ACTIVITY: A verbatim reproduction of the following listing is required; omit the pictures.

COLLECTED DATA:
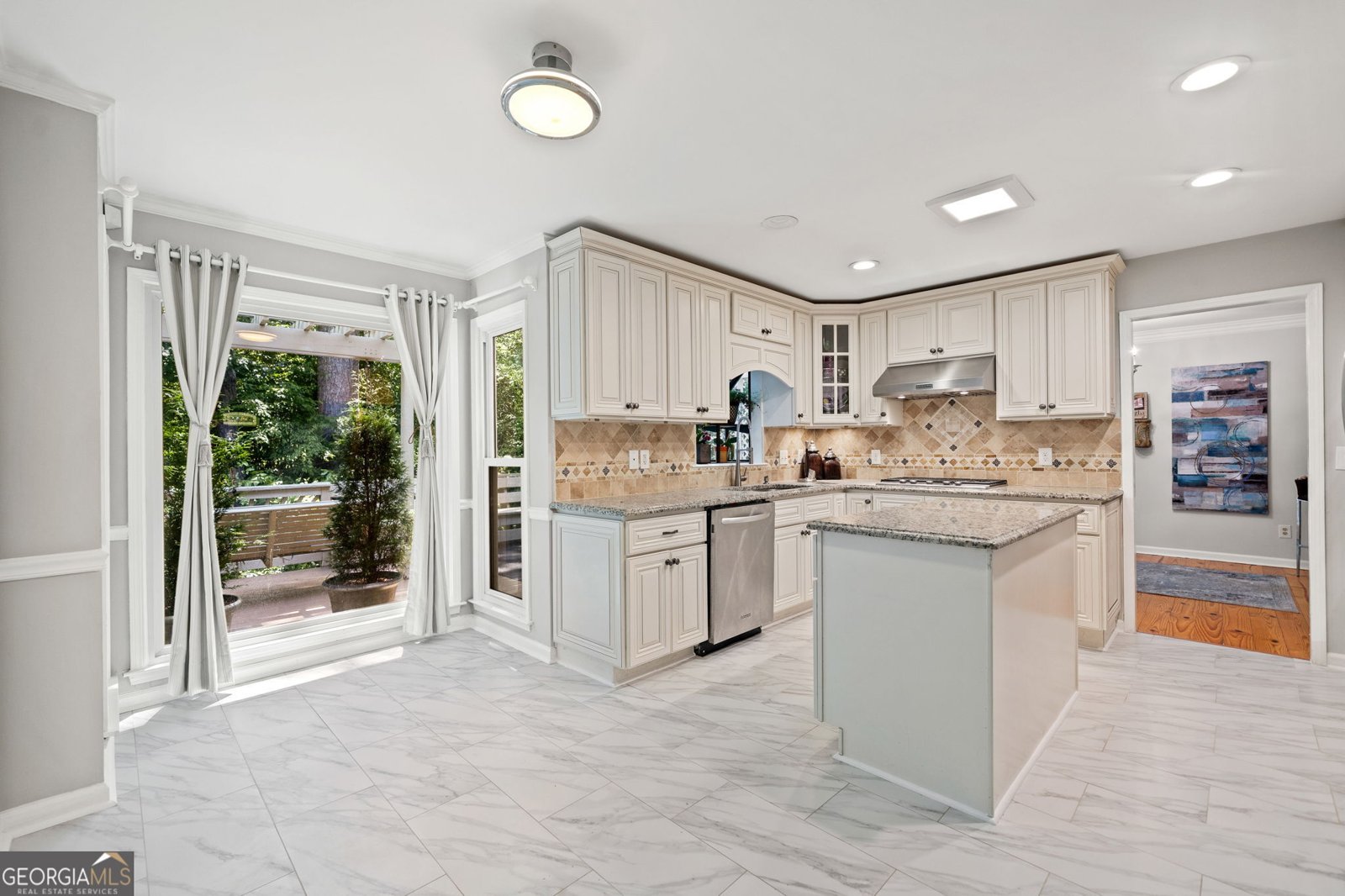 411 Woodstone West Drive Marietta - 3
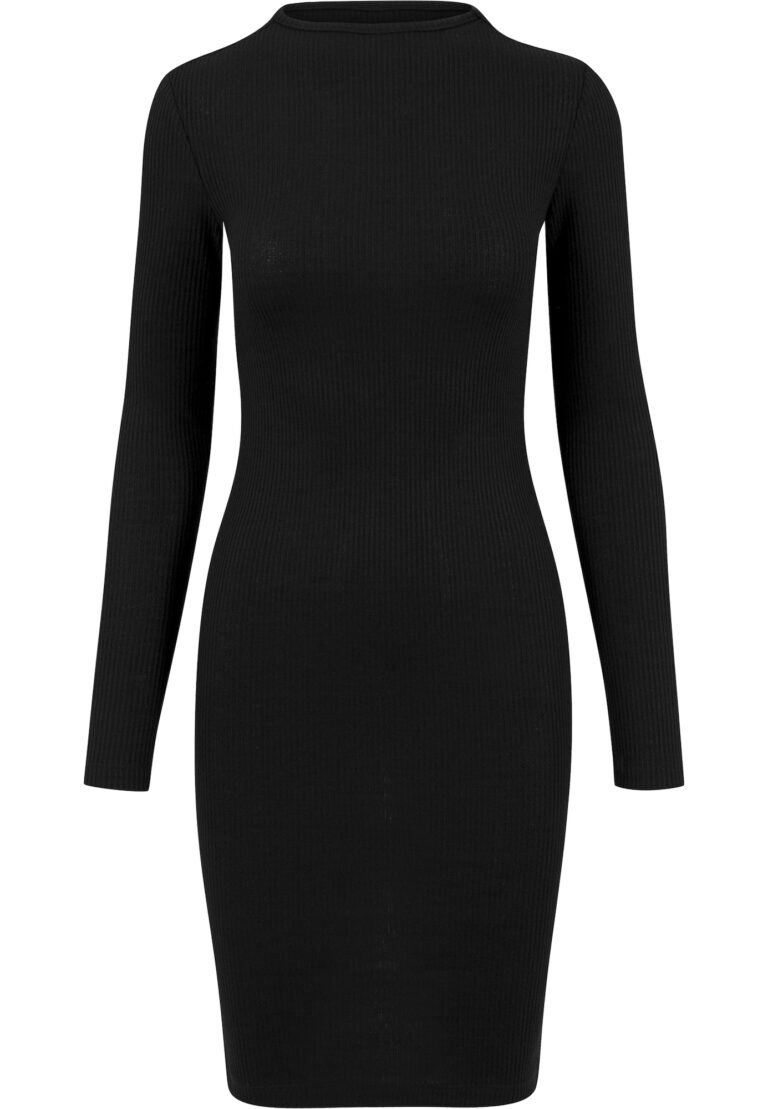 Urban Classics Rochie tricotat  negru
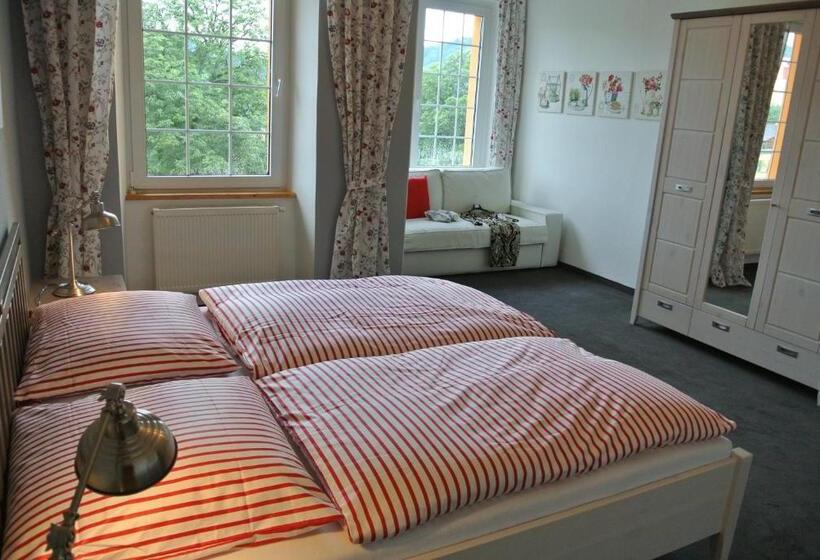 침실 1개 디럭스 아파트, Penzion Valkoun Lilienfeld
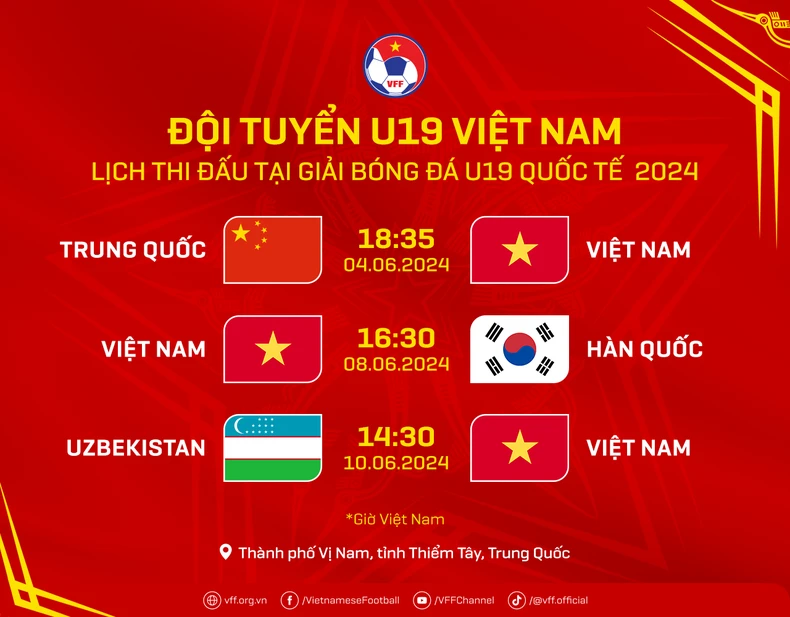 Đổi lịch thi đấu trận U19 Việt Nam gặp U19 Hàn Quốc ảnh 1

SOLUTION TO THIS PROBLEM:
 411 Woodstone West Drive Marietta - 3
 Urban Classics Rochie tricotat  negru
 침실 1개 디럭스 아파트, Penzion Valkoun Lilienfeld
 Đổi lịch thi đấu trận U19 Việt Nam gặp U19 Hàn Quốc ảnh 1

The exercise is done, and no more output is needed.